Are we destined to become an industry of Unix hackers and PASCAL
programmers?
From my experience, I can only report that the future is
bright for Real Programmers everywhere. Neither OS\370 nor FORTRAN
show any signs of dying out, despite all the efforts of PASCAL
programmers the world over. Even more subtle tricks, like adding
structured coding constructs to FORTRAN have failed. Oh sure, some
computer vendors have come out with FORTRAN 77 compilers, but every
one of them has a way of converting itself back into a FORTRAN 66
compiler at the drop of an option card--to compile DO loops like
God meant them to be.
Even Unix might not be as bad on Real Programmers as it once
was.

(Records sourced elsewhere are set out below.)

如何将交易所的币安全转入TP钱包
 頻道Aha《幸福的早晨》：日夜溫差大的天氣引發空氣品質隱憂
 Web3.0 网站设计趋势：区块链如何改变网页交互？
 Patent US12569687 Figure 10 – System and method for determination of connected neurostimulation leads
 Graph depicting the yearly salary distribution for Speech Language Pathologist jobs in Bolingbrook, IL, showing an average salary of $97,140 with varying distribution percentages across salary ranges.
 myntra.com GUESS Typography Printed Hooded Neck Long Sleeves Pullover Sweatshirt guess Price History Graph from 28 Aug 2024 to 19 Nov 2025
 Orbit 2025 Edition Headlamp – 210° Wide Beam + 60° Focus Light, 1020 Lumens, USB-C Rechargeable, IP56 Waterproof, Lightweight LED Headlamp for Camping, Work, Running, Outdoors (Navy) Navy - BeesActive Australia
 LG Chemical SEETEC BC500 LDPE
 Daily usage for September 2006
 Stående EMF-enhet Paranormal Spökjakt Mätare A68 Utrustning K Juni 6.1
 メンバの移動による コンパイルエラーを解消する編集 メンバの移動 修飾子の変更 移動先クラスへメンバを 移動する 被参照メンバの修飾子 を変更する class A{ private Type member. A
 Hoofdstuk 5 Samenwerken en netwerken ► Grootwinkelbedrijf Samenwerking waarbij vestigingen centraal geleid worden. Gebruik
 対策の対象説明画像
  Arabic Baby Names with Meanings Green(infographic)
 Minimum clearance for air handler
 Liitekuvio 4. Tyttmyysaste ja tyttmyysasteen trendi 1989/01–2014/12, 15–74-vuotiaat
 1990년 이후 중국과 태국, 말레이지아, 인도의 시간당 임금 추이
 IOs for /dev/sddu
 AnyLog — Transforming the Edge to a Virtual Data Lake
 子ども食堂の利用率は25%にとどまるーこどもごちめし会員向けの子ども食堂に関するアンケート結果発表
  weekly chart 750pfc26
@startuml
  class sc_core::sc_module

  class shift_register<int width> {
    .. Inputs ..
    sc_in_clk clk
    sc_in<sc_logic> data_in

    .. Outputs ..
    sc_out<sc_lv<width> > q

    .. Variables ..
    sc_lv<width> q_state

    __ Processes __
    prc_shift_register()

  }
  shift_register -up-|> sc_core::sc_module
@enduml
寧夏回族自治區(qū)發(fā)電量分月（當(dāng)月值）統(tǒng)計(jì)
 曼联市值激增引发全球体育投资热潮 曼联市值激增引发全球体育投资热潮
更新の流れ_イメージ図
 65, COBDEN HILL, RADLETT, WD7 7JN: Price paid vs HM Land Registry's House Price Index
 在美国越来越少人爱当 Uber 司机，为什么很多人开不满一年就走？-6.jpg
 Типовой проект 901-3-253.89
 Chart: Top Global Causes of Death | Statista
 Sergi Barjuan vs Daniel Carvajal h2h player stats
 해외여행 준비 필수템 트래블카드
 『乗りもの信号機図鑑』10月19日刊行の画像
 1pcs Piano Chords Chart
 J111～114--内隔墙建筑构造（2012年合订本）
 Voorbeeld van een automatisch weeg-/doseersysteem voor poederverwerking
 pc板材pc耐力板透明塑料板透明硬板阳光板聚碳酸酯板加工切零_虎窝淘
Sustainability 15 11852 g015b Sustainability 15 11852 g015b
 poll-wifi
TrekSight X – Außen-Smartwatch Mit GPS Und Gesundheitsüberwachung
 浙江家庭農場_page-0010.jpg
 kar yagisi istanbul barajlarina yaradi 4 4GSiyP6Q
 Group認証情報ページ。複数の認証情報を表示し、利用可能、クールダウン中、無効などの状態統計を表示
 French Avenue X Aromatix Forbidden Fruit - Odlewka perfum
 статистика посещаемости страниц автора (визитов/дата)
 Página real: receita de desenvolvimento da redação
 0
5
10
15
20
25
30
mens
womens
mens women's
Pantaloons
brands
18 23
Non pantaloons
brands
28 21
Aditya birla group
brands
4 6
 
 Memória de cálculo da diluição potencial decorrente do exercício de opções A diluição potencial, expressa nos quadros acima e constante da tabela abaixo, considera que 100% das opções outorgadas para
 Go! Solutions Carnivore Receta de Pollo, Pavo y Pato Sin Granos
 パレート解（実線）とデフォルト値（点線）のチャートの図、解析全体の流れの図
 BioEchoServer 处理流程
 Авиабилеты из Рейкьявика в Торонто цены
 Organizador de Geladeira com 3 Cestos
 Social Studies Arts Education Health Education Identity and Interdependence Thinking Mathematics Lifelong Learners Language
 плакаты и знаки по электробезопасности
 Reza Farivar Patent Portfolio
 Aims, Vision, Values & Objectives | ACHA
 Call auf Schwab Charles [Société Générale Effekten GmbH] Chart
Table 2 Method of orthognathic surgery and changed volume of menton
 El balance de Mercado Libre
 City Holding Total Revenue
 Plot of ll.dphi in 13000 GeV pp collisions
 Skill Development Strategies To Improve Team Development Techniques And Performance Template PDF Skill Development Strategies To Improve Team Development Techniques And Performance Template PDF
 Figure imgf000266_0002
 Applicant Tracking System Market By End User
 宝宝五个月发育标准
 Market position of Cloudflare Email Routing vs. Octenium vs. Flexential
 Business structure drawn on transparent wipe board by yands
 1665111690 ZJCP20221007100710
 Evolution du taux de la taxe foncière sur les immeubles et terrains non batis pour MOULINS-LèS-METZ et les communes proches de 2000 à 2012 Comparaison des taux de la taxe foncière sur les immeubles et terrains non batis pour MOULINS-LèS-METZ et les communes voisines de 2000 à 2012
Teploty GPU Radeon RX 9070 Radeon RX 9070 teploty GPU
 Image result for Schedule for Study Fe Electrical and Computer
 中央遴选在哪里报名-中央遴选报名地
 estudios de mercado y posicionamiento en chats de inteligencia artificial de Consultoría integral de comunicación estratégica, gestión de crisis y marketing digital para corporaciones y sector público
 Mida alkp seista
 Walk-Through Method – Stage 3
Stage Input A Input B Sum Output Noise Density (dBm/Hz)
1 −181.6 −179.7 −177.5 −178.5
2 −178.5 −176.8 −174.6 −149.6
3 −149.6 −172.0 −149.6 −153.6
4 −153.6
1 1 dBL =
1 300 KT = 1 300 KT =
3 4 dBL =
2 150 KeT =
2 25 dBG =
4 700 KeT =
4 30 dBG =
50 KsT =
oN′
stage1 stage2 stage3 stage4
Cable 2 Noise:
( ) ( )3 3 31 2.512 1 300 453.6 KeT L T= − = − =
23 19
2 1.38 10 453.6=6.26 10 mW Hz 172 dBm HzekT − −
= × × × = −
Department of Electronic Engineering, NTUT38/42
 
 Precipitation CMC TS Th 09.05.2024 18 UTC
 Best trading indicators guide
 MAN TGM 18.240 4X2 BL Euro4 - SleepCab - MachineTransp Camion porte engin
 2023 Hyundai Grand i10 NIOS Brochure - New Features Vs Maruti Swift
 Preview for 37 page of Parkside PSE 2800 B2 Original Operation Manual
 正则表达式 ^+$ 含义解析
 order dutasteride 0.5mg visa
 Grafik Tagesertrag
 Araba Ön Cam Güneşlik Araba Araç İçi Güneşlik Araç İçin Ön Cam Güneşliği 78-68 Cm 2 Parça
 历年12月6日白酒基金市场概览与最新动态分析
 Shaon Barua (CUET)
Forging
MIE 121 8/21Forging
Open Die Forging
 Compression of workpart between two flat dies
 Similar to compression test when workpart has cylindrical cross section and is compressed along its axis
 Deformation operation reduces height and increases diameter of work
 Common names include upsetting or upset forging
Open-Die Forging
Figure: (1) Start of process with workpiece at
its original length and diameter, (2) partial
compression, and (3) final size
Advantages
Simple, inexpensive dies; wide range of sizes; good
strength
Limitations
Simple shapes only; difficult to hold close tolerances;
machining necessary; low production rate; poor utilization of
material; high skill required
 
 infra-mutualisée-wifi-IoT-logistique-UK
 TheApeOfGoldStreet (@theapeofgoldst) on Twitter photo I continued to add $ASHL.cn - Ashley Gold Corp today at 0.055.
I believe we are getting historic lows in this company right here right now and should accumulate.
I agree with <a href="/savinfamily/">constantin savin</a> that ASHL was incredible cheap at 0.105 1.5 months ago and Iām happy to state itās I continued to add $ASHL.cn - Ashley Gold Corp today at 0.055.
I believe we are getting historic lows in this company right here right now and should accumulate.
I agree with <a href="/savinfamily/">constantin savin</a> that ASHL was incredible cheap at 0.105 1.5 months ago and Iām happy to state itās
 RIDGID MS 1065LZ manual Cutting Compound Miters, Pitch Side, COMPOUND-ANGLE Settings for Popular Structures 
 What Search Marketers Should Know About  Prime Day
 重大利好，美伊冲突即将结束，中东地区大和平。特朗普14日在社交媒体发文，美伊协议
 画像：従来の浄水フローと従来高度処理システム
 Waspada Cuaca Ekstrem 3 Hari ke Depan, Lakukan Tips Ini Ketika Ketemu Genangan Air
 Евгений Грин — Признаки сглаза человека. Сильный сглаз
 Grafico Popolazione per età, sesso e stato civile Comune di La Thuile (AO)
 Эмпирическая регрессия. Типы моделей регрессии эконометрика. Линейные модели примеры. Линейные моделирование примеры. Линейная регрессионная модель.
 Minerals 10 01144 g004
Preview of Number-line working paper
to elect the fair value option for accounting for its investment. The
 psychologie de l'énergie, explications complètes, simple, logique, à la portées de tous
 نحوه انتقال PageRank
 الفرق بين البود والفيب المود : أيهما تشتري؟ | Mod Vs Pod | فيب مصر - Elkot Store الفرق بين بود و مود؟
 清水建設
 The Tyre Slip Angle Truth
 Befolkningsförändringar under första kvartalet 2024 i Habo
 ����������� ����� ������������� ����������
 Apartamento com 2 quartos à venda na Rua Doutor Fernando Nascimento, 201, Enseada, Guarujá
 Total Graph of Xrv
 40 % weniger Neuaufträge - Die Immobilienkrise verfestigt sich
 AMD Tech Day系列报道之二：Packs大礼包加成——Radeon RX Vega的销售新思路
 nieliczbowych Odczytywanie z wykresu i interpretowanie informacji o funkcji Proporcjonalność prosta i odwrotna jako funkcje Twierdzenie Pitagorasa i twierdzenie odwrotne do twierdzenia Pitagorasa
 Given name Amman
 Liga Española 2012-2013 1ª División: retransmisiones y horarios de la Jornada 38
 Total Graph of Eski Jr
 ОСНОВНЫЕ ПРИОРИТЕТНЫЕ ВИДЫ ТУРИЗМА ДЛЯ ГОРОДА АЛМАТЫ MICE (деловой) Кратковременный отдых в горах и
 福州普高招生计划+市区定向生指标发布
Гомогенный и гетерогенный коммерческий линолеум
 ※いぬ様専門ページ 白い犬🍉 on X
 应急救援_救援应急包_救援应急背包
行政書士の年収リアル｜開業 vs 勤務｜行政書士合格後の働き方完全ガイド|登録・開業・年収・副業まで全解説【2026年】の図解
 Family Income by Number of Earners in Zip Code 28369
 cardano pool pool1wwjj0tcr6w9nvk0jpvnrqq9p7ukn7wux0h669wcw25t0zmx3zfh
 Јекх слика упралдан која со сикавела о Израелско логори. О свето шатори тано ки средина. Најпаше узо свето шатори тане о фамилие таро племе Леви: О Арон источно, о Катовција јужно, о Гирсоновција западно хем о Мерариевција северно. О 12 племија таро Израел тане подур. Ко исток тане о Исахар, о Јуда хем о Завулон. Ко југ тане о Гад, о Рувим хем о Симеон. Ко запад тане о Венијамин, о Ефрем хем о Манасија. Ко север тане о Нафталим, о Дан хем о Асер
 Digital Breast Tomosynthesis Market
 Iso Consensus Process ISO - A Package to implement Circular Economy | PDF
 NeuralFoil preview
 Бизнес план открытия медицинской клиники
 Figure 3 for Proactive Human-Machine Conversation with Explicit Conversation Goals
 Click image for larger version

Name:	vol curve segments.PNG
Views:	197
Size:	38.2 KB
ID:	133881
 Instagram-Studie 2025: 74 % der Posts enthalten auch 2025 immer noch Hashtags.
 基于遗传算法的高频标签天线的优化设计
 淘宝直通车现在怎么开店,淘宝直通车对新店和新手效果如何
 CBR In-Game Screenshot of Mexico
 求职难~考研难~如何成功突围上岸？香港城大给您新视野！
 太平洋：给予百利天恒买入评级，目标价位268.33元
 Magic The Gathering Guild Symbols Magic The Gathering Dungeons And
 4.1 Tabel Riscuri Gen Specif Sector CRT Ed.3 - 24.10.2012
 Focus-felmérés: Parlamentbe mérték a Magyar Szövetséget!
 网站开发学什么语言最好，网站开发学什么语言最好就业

The latest release of Unix has the potential of an operating
system worthy of any Real Programmer--two different and subtly
incompatible user interfaces, an arcane and complicated teletype
driver, virtual memory. If you ignore the fact that it's
"structured", even 'C' programming can be appreciated by the Real
Programmer: after all, there's no type checking, variable names are
seven (ten? eight?) characters long, and the added bonus of the
Pointer data type is thrown in--like having the best parts of
FORTRAN and assembly language in one place. (Not to mention some of
the more creative uses for #define.)
No, the future isn't all that bad. Why, in the past few
years, the popular press has even commented on the bright new crop
of computer nerds and hackers ([7] and [8]) leaving places like
Stanford and M.I.T. for the Real World. From all evidence, the
spirit of Real Programming lives on in these young men and women.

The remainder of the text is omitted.